Enviada em 02/05/2019

O assédio sexual é um assunto muito recorrente que tomou grande espaço nas mídias sociais. Com tantas incidências é possível perceber que geralmente o agressor se sente superior às suas vítimas.

Um exemplo de que o assunto tem tido muita ênfase foi o caso em que um treinador de ginástica assediou seus atletas. Esse acontecimento repercutiu durante muitas semanas nas mídias porque foi uma das primeiras vezes que envolveu um violentador muito respeitado pela sociedade e violentados que são mundialmente famosos, fato  que mostrou o assédio não como uma violência restrita às mulheres, que até então  era a única visão da população. Assim, analisando o exemplo citado vê-se que o treinador se sentia superior, o que é visto na maioria dos casos, o sentimento de superioridade faz com que os assediadores sintam-se livres para  o ato. Nesta perspectiva, é importante pensar na origem do problema, que pode muitas vezes estar na infância do assediador, pois às vezes os mesmos tiveram maus exemplos ou até uma educação sem rédias, onde os pais e educadores não mostravam o certo e o errado. Como já dizia Pitágoras: “eduquem as crianças para que não seja necessário punir os adultos”, seguindo essa visão a melhor maneira de combater o assédio é prevenir que não existam assediadores no futuro.

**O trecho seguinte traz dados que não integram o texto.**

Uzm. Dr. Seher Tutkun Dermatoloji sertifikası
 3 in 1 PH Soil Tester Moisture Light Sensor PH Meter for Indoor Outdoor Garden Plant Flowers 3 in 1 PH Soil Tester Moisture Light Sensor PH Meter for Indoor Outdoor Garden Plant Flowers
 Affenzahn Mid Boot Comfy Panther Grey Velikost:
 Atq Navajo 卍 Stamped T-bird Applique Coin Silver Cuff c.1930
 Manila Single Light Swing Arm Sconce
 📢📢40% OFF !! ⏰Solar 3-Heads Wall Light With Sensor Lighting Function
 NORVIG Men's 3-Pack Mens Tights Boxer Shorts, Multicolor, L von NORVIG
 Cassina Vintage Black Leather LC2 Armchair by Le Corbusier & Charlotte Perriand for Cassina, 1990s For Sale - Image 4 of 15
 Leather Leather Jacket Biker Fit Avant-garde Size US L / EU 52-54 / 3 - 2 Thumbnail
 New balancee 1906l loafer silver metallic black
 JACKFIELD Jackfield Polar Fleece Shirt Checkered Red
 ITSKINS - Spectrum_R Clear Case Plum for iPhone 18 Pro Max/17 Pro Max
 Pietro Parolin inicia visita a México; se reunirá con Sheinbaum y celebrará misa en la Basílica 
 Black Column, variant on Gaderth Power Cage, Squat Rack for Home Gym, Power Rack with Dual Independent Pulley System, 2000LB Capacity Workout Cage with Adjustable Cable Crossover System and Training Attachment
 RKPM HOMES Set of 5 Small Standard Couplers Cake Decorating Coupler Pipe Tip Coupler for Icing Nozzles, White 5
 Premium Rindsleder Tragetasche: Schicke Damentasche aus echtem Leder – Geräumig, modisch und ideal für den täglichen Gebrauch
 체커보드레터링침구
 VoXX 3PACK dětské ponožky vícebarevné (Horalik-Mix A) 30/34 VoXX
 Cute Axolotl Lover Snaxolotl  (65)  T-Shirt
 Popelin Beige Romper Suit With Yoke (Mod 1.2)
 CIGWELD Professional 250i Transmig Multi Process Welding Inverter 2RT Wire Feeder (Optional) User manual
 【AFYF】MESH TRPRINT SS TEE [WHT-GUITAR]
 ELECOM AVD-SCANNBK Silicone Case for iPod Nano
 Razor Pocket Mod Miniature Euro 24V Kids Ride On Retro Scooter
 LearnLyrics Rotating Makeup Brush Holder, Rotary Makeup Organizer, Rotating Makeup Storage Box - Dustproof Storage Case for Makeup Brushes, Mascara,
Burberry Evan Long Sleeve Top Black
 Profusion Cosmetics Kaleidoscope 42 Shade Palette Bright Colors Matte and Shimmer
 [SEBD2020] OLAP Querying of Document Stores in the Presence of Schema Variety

Para tanto, uma iniciativa seria priorizar campanhas intensivas mostrando às crianças que essa ação é algo muito errado e que deve ser repudiada por toda a população, essa ideia estaria a cargo do Ministério da Educação que poderia capacitar profissionais e professores para darem palestras e saberem como agir se eventualmente ocorrer um caso. Além disso, os atuais criminosos devem sofrer uma punição, sendo que ela deve ser coerente com o grau da infração que eles cometeram, fator que é decidido pelo Ministério da Justiça.